You shouldn’t be ecstatic about groceries, but here we are. I’m 35 and have three kids and I’ve been inside my house for eleventybillion days. I giggled when I saw Swiss chard. I’m sick of my own cooking, sick of the easy recipes I have time for and sick of cleaning up after the more elaborate recipes that taste good but wear me out (our dishwasher is still broken by the way). There were some luxury items on my list, like the burrata I used for spinach pesto pasta last night. But also, the bundles of spinach were a luxury in themselves because none of the leaves were slimy.

When I get excited about produce and more unique products, I don’t shop like a minimalist. It’s especially hard when making a list online and trying to scroll through to figure out if I’ve assembled full meals or a random hodgepodge. I see something I haven’t been able to get for months and add it to my cart without thinking about how that ingredient will fit into the week’s dinners. Sometimes it creates waste, and I haven’t figured out how to use my Persian cucumber before it turns to mush, but often I end up getting creative and trying new things. Crap, I’m about to lose this spendy cucumber…maybe I can make a quick pickle?

My kitchen is not minimal. I use it all day every day and I use nearly everything in it on a weekly or at least monthly basis. The kitchen is one of the only places I allow “just in case” items, because there are so many dishes that can only be made with a special tool or dish, and if I get the opportunity to make something delicious, I don’t want to skip it because I didn’t have a tart pan with a removable edge.

I think of these tools like my husband’s video games — he can’t play them all every day, but if one day his son expresses an interest in an OG game like Pong, he’s going to want to be able to pull that out and set it up for his kid. I don’t make many bundt cakes, but when my daughter was having a breakdown because she found out it wasn’t her birthday, I had that pan to solve a problem in a pinch. You can’t make a bundt cake without a bundt pan, and in an emergency a bundt can pass for a dress/crown and cheer up your three year old. My husband said it looked like a Simpson’s donut, so really it’s the solution to all life’s problems.
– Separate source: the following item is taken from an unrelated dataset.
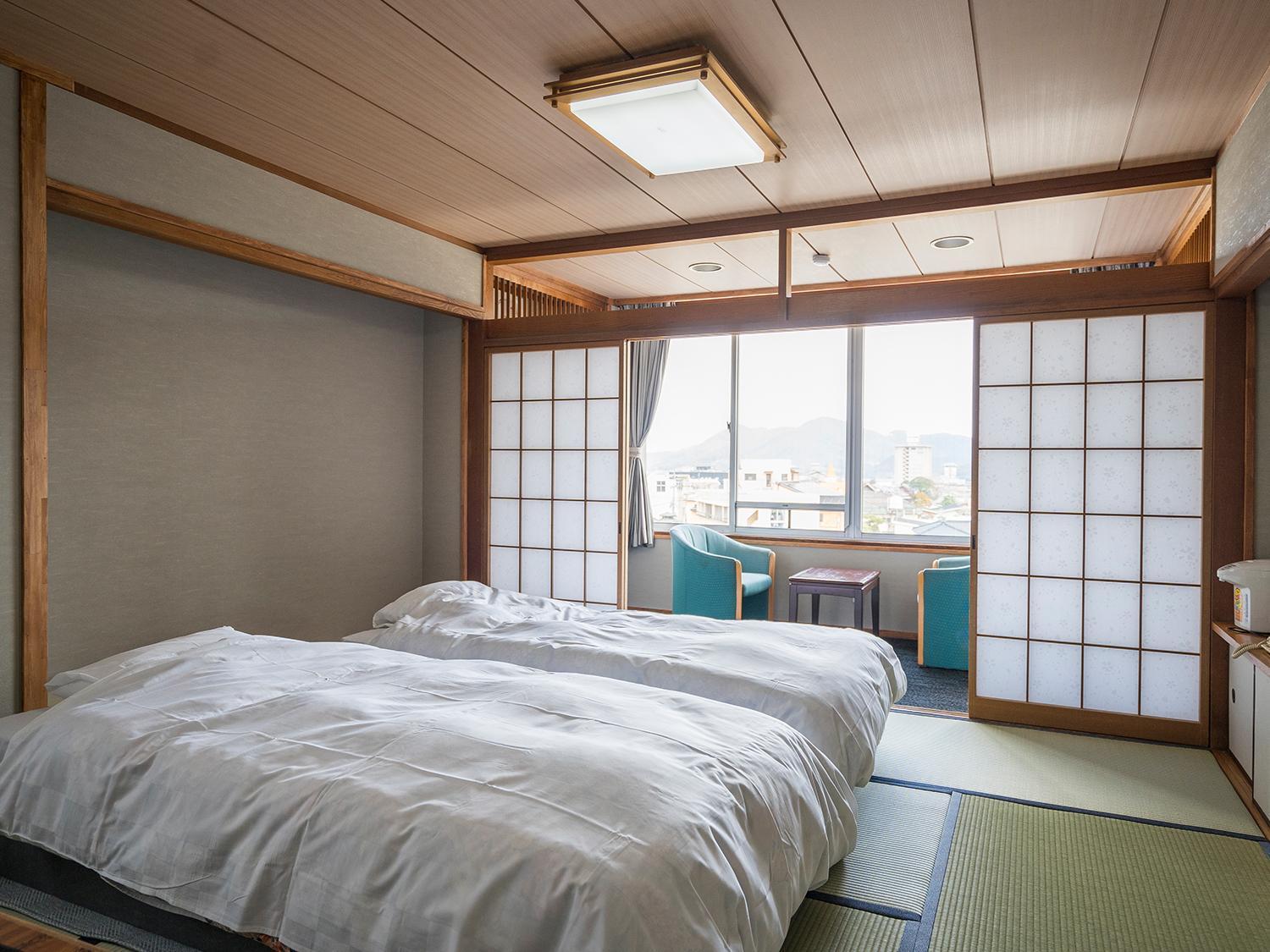 Irifuneso Ureshino Exterior photo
I’m a minimalist in pretty much every other area, apart from my overuse of descriptive words in fiction writing, so although my kitchen cupboards are full, I need all those things.
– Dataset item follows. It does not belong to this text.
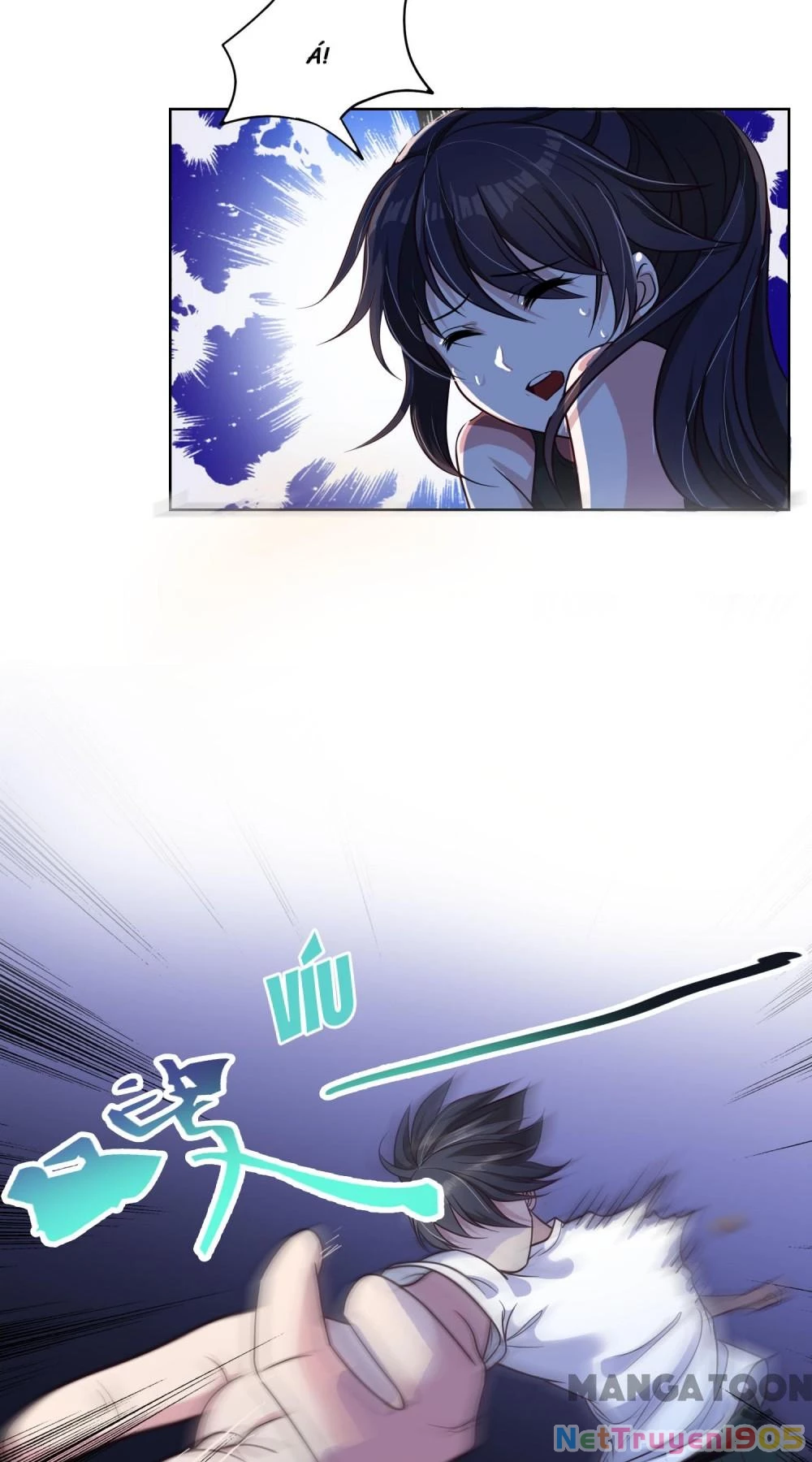 Nhặt Hoa Khôi Về Làm Vợ Chapter 2 - Trang 23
Except maybe the fondue pot, which we absolutely never use. But then how will we eat fondue?

Spinach Pesto Pasta

Olive oil – for cooking and a nicer extra virgin for the sauce

2 bunches of baby spinach – washed and shaken dry

2 cloves garlic – smashed with a knife and peeled

1 shallot – sliced

zest from 1 lemon

5 basil leaves

1/3 c parmesan

pinch red pepper flakes

salt

pepper

1 box pasta

optional burrata

  1. If you’re using burrata, take it out of the fridge to warm up before doing anything else.
  2. Pretend you’re making sauteed spinach. Heat a little olive oil on medium high heat and toss in the garlic cloves and shallot to cook until soft. Throw in the spinach. No need to remove the stems or get it bone dry, the moisture will help it cook. Once it’s all wilted but still bright green, put everything in a fine mesh strainer to drain. Press gently to remove extra moisture.
  3. Put the spinach mixture in a blender with basil, grated parmesan, lemon zest, red pepper flakes, salt, and a little pepper — all ingredients easily modified to your preference. You could also add pine nuts or walnuts, or even soaked cashews, to make it nutty like traditional pesto. Soaked cashews will also make it taste cheesy if you are vegan and want to skip the parmesan.
  4. Blend it until smooth, streaming in a good grassy olive oil to combine if it’s not saucy enough. Taste for seasoning and adjust.
  5. Boil pasta in salted water – I used fettuccini. I like a long noodle for this, but something sturdy. Reserve cup of pasta water before you drain.
  6. Toss hot pasta with the pesto, and if it’s too thick add some pasta water. I topped mine with burrata, but you could skip it or substitute with goat cheese, feta, or even crisped bacon. Sprinkle with a pinch of red pepper flakes and serve.